Heterogeneous Multi-Agent Reinforcement Learning with Attention for Cooperative and Scalable Feature Transformation

TL;DR

HAFT develops a heterogeneous multi-agent reinforcement learning framework for scalable automated feature transformation on tabular data. It employs three cascading agents (two feature selectors and one operation selector) coordinated by a shared critic, aided by multi-head attention and a two-branch state encoding to manage dynamic feature spaces. Ablation and robustness studies demonstrate the necessity of the shared critic, state encoding, and attention mechanism, while scalability analyses show faster performance than clustering-based rivals. The approach yields improved downstream performance, interpretable transformed features, and strong generalization across diverse datasets.

Abstract

Feature transformation enhances downstream task performance by generating informative features through mathematical feature crossing. Despite the advancements in deep learning, feature transformation remains essential for structured data, where deep models often struggle to capture complex feature interactions.
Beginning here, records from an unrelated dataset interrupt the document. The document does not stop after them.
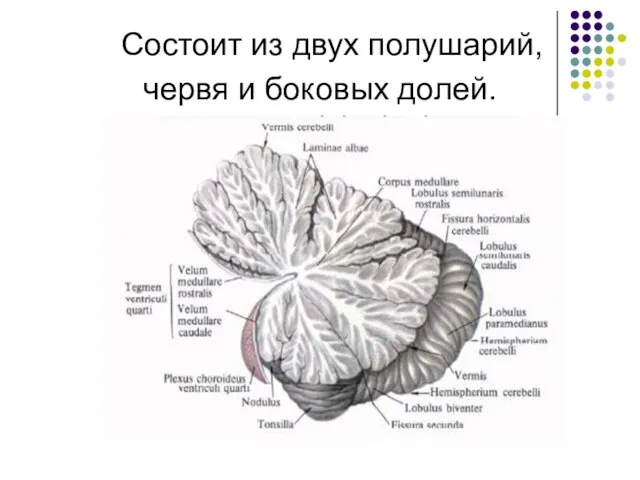 Состоит из двух полушарий, червя и боковых долей.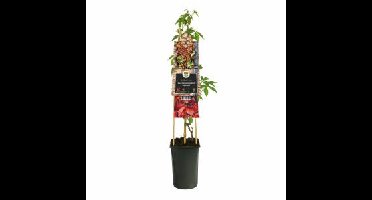 Wilde Wingerd (Parthenocissus "Engelmannii") klimplant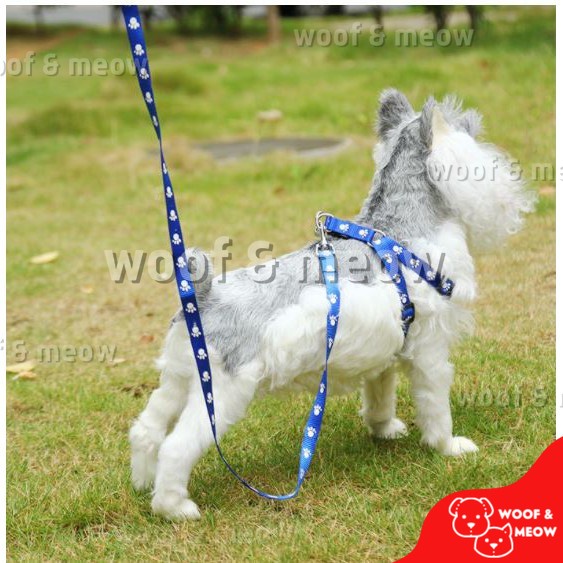 Nylon Printed Dog Leash with Harness #5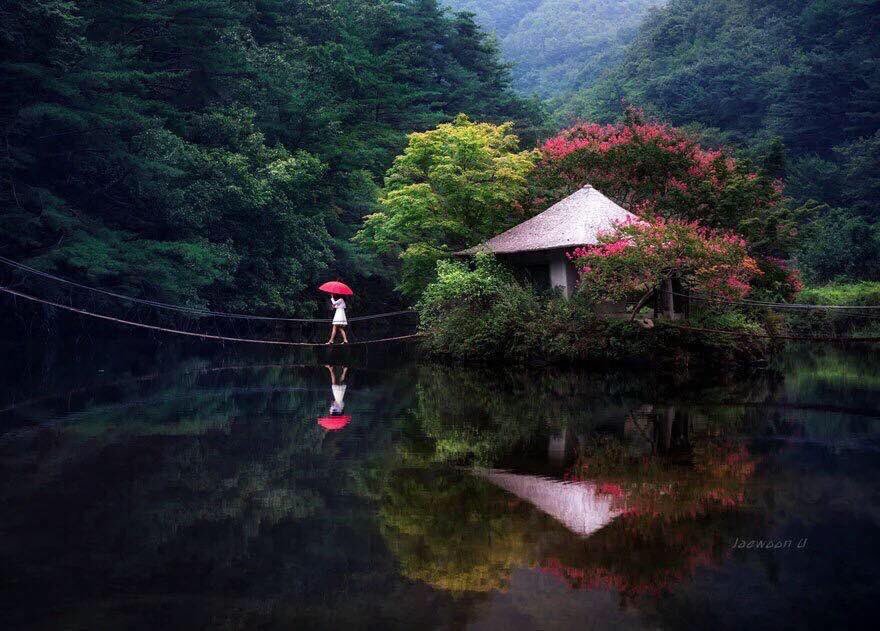 fiveelementshc's tweet photo. The 5 Elements in Chinese theory, we’re made up of :Wood, Fire, Earth, Metal and Water any of these can become unbalanced causing disease https://t.co/9GOahUjfir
Prior literature on automated feature transformation has achieved success but often relies on heuristics or exhaustive searches, leading to inefficient and time-consuming processes. Recent works employ reinforcement learning (RL) to enhance traditional approaches through a more effective trial-and-error way. However, two limitations remain: 1) Dynamic feature expansion during the transformation process, which causes instability and increases the learning complexity for RL agents; 2) Insufficient cooperation and communication between agents, which results in suboptimal feature crossing operations and degraded model performance. To address them, we propose a novel heterogeneous multi-agent RL framework to enable cooperative and scalable feature transformation. The framework comprises three heterogeneous agents, grouped into two types, each designed to select essential features and operations for feature crossing. To enhance communication among these agents, we implement a shared critic mechanism that facilitates information exchange during feature transformation. To handle the dynamically expanding feature space, we tailor multi-head attention-based feature agents to select suitable features for feature crossing. Additionally, we introduce a state encoding technique during the optimization process to stabilize and enhance the learning dynamics of the RL agents, resulting in more robust and reliable transformation policies. Finally, we conduct extensive experiments to validate the effectiveness, efficiency, robustness, and interpretability of our model.

Figures (8)

• Figure 1: Framework Overview. HAFT consists of three heterogeneous agents: two feature agents that select candidate features and one operation agent that determines a mathematical operation. A central critic leverages global information from the current feature space to coordinate the agents and enhance policy learning. This feature transformation process continues iteratively until an optimal feature set is identified or the iteration limit is reached.
• Figure 2: Two‑branch state encoder. A statistics branch expands the dynamic feature set and normalizes it to $\mathbb{R}^{1 \times 49}$; an attention branch embeds features, applies multi‑head attention, and pooling to obtain $z_{attn}$. Finally create input $s^{\text{critic}} = [S_{\text{stats}}, z_{\text{attn}}]$.
• Figure 3: Influence of Shared Critic and Advantage Decomposition
• Figure 4: Influence of Different State Encoding
• Figure 5: Time Complexity Comparison between HAFT and GRFG